Go to the line containing "Vtg Klaussner Metal" in the records below and print it and every following line exactly, on through the line containing "Moschino - Pull noir et blanc à rayures", then stop.

(Short text fragments from websites)
------------------------------

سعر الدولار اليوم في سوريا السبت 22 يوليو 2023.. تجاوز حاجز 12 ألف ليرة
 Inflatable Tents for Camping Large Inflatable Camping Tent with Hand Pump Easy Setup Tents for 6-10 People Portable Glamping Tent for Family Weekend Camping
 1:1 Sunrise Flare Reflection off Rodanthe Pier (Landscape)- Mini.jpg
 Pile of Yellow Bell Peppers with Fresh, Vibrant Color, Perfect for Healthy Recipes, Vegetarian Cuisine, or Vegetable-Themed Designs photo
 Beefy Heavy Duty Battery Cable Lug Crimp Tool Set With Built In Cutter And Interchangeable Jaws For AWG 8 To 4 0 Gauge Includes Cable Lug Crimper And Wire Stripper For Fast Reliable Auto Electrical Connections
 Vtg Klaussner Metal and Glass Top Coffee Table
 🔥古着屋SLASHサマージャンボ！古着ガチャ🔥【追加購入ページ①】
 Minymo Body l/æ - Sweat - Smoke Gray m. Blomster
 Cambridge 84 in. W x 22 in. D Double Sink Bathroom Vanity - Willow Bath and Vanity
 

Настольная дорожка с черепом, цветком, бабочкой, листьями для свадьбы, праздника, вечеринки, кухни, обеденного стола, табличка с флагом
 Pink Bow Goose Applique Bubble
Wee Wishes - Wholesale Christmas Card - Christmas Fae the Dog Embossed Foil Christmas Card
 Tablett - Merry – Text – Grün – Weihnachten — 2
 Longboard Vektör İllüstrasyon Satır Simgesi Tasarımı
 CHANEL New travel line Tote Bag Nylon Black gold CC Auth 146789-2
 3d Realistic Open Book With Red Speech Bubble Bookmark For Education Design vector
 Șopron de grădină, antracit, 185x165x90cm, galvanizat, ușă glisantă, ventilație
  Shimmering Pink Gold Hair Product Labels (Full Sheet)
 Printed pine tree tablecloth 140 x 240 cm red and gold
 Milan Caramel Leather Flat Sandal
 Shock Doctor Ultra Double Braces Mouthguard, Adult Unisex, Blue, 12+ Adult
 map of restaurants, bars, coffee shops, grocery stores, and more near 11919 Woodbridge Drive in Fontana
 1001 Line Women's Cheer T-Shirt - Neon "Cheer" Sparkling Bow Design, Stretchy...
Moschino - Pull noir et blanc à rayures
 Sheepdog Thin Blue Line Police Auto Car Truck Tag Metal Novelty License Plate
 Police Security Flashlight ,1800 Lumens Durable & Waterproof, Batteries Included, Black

------------------------------

_ANSWER TO THE PROBLEM:_
 Vtg Klaussner Metal and Glass Top Coffee Table
 🔥古着屋SLASHサマージャンボ！古着ガチャ🔥【追加購入ページ①】
 Minymo Body l/æ - Sweat - Smoke Gray m. Blomster
 Cambridge 84 in. W x 22 in. D Double Sink Bathroom Vanity - Willow Bath and Vanity
 

Настольная дорожка с черепом, цветком, бабочкой, листьями для свадьбы, праздника, вечеринки, кухни, обеденного стола, табличка с флагом
 Pink Bow Goose Applique Bubble
Wee Wishes - Wholesale Christmas Card - Christmas Fae the Dog Embossed Foil Christmas Card
 Tablett - Merry – Text – Grün – Weihnachten — 2
 Longboard Vektör İllüstrasyon Satır Simgesi Tasarımı
 CHANEL New travel line Tote Bag Nylon Black gold CC Auth 146789-2
 3d Realistic Open Book With Red Speech Bubble Bookmark For Education Design vector
 Șopron de grădină, antracit, 185x165x90cm, galvanizat, ușă glisantă, ventilație
  Shimmering Pink Gold Hair Product Labels (Full Sheet)
 Printed pine tree tablecloth 140 x 240 cm red and gold
 Milan Caramel Leather Flat Sandal
 Shock Doctor Ultra Double Braces Mouthguard, Adult Unisex, Blue, 12+ Adult
 map of restaurants, bars, coffee shops, grocery stores, and more near 11919 Woodbridge Drive in Fontana
 1001 Line Women's Cheer T-Shirt - Neon "Cheer" Sparkling Bow Design, Stretchy...
Moschino - Pull noir et blanc à rayures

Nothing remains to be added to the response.